The Presidency has moved to clarify Deputy President Cyril Ramaphosa’s work in the Eskom War Room.
Deputy President Ramaphosa’s work in the operation is guided by Cabinet’s five- point plan to address the electricity challenges facing the country, the Presidency said on Wednesday.
In the wake of load shedding, President Jacob Zuma in December assigned Deputy President Ramaphosa to oversee the turnaround of Eskom in what was labelled the “war room.”
The war room – made up of the Departments of Energy, Cooperative Governance and Traditional Affairs, Public Enterprises, National Treasury, Economic Development, Water and Sanitation and Eskom, as well as technical officials – is expected to look into Eskom’s short- and long-term energy challenges.

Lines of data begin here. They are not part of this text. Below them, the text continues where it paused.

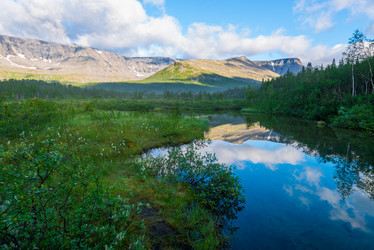 Similar image 21903953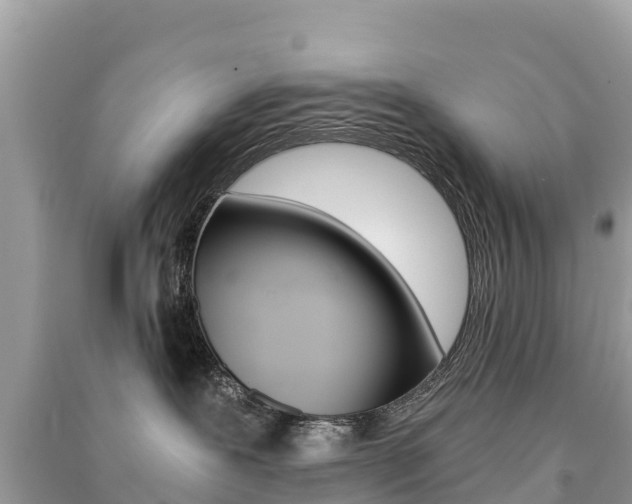 X0000091300239200708101055
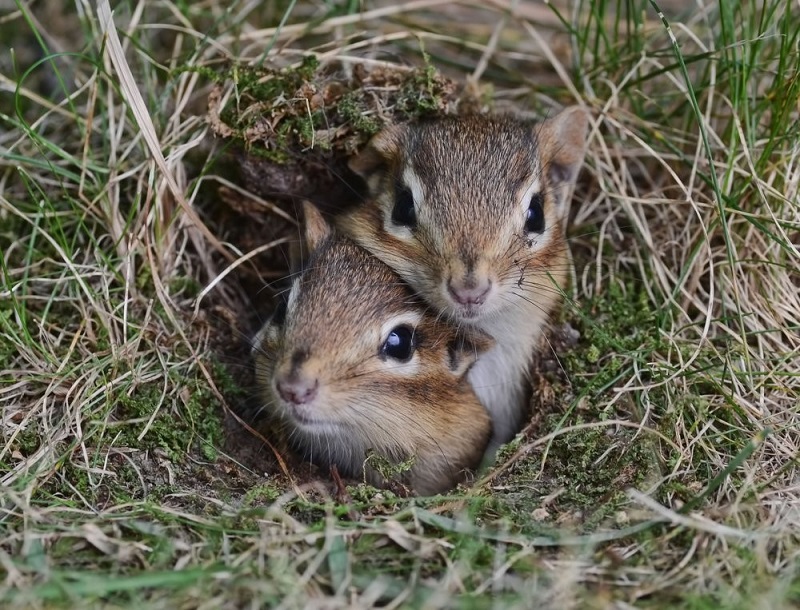 If you find a baby chipmunk, its mom is just somewhere close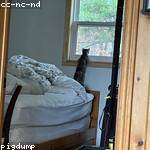 Арсений Круглов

Cabinet, at the time, adopted a five-point plan to address the lack of sufficient capacity to meet the country’s energy needs.

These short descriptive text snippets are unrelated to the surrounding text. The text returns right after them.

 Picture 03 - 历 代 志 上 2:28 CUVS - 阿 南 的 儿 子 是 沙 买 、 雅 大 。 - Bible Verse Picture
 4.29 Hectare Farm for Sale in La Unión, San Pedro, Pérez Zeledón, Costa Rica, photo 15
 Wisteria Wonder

The plan covers interventions that Eskom will undertake:
- Harnessing the cogeneration opportunity through the extension of existing contracts with the private sector;
- Accelerating the programme for substitution of diesel with gas to fire up the diesel power plants;
- Launching a coal independent power producer programme;
- and managing demand through specific interventions within residential dwellings, public and commercial buildings and municipalities through retrofitting energy efficient technologies.

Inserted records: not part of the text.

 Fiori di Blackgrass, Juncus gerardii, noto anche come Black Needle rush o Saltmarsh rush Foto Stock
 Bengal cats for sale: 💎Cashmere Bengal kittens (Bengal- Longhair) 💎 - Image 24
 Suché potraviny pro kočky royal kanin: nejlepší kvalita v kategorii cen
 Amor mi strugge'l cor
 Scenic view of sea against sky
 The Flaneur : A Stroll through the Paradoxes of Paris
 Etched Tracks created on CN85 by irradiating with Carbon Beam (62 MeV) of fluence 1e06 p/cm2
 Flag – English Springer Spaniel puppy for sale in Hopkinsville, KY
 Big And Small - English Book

On Tuesday (19 May), Democratic Alliance MP Pieter Van Dalen questioned Deputy President Ramaphosa’s role in leading the war room, saying his company Shanduka Group had made money from selling coal to Eskom.
Deputy President Ramaphosa has divested his financial interests in the Shanduka Group, the Presidency said on Wednesday.
“The Office of the Deputy President reiterates that Deputy President Ramaphosa has divested his financial interests in the Shanduka Group following his assumption of office.
“Consequently, Deputy President Ramaphosa holds no mining interests,” it said.